* Instructions to follow
Aim for an exact copy of the listing, without any images.

* Information supplied
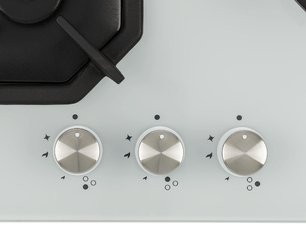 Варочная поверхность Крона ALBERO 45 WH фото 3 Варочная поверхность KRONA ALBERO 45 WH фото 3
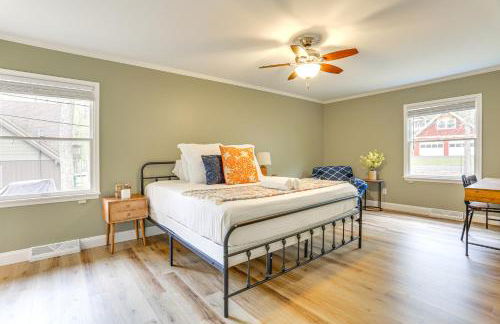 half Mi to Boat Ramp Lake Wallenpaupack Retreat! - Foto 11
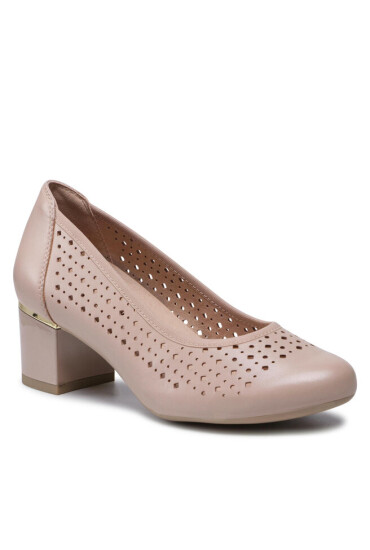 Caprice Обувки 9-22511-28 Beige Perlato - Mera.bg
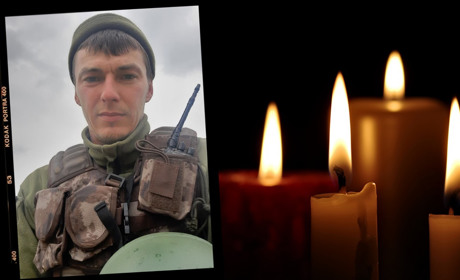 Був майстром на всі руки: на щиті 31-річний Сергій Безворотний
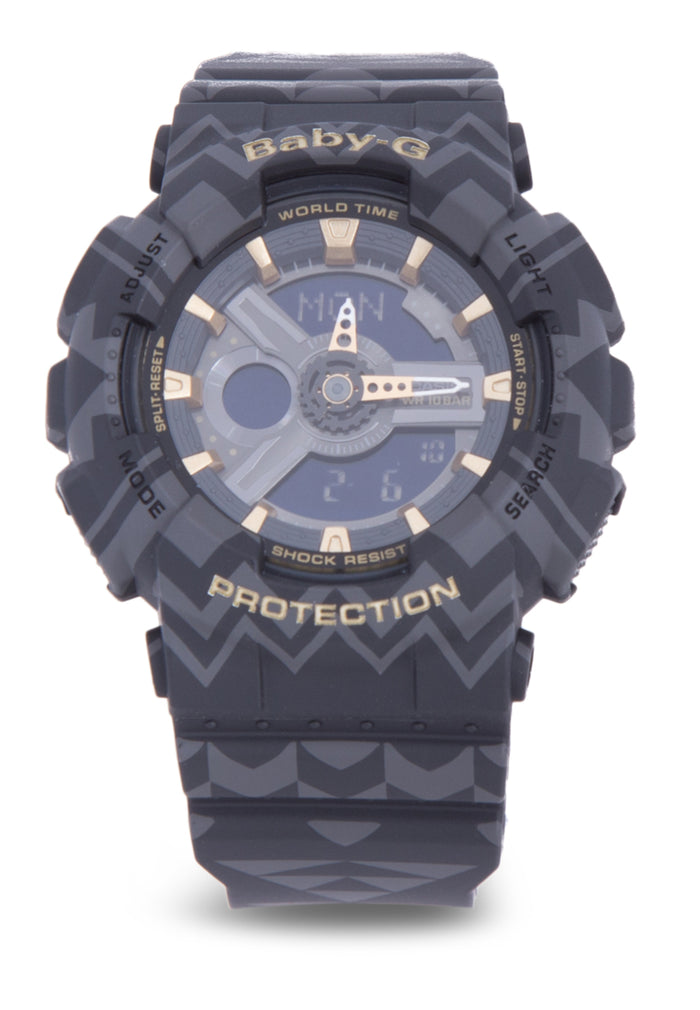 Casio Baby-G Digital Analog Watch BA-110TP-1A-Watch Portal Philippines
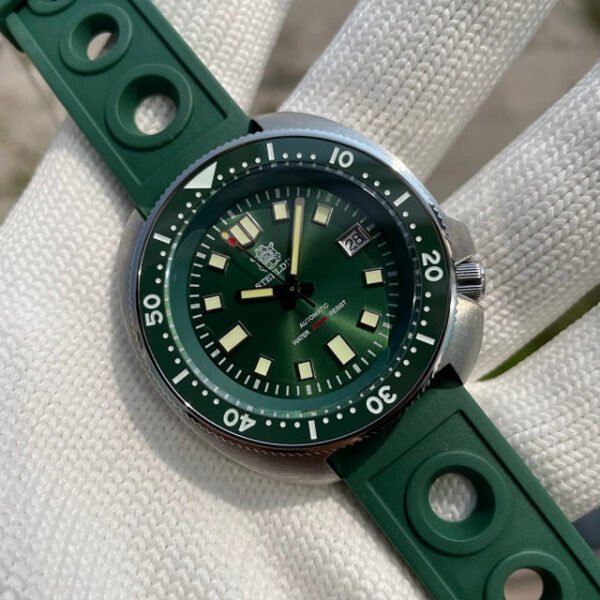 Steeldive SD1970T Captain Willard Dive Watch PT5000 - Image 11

* Output of the task
 Варочная поверхность Крона ALBERO 45 WH фото 3 Варочная поверхность KRONA ALBERO 45 WH фото 3
 half Mi to Boat Ramp Lake Wallenpaupack Retreat! - Foto 11
 Caprice Обувки 9-22511-28 Beige Perlato - Mera.bg
 Був майстром на всі руки: на щиті 31-річний Сергій Безворотний
 Casio Baby-G Digital Analog Watch BA-110TP-1A-Watch Portal Philippines
 Steeldive SD1970T Captain Willard Dive Watch PT5000 - Image 11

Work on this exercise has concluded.